You open your heart knowing that there’s a chance it may be broken one day and in opening your heart, you experience a love and joy that you never dreamed possible. You find that being vulnerable is the only way to allow your heart to feel true pleasure that’s so real it scares you.
 
I like to believe that I am a strong woman – one who gets her heart broken time and time again and still has the strength to gather the pieces to create a new life for herself. Remember that no matter what pain you’ve been through, tears will dry, broken hearts will heal, and somewhere out there the person who truly cares is waiting…♥
 

The Unseen You 

I sit here with an unsettling emptiness
a valley of lost feelings and missing emotions
an eroded sense of purpose
missing out on the joy of caring and sharing…
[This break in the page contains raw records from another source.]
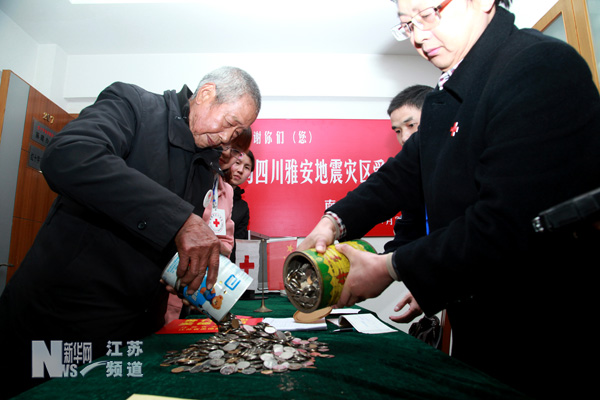 “磨刀老人”辛苦所得2000余枚硬币捐给雅安地震灾区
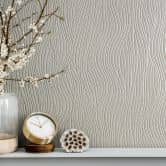 Vliestapete in 3D-Streifenoptik beige Streifen 
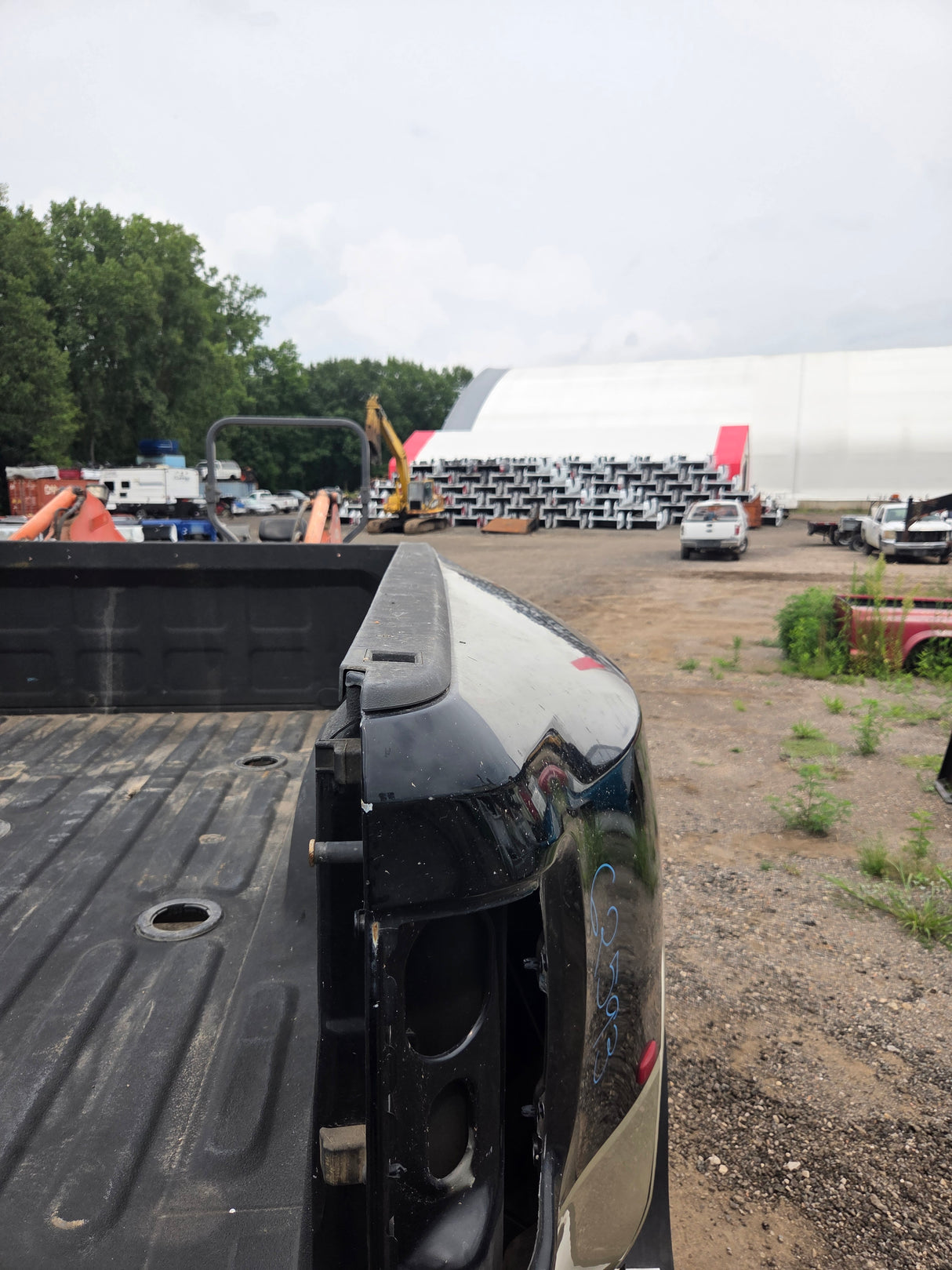 2009-2018 Dodge Ram 3500 4500 4th Gen Mega Cab Short Bed 6' 4" Dually Truck Bed *Damage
A chain with a broken link
out there somewhere, my other half
thinking of the tender moments that was once to be
finally ready to open up myself.

Having so much to offer
and no one to give it to
waiting a lifetime
to share myself with the unseen you.

Agonizing over what could or should have been…
The need to be wanted and alive again
Waking up a dormant body of love and spirit
Bottled up passion ready to explode.

Basic human needs going unanswered
trying desperately to overcome a gaping hole in my existence
waiting for those special words —
the ones that remove emptiness and tell me that you care about me.

Missing the give and take
that makes or breaks relationships
knowing you’ll be there for me and I for you
sharing our thoughts, desires, and dreams.

Sharing in the joy and pain
of life together as one
wanting so bad to hold you
wondering when I’ll be whole again…

A piece of the puzzle in my life that is you

Life’s cruel twist of fate no more
Its all here waiting, hoping that someday soon, the unseen you will be in my life.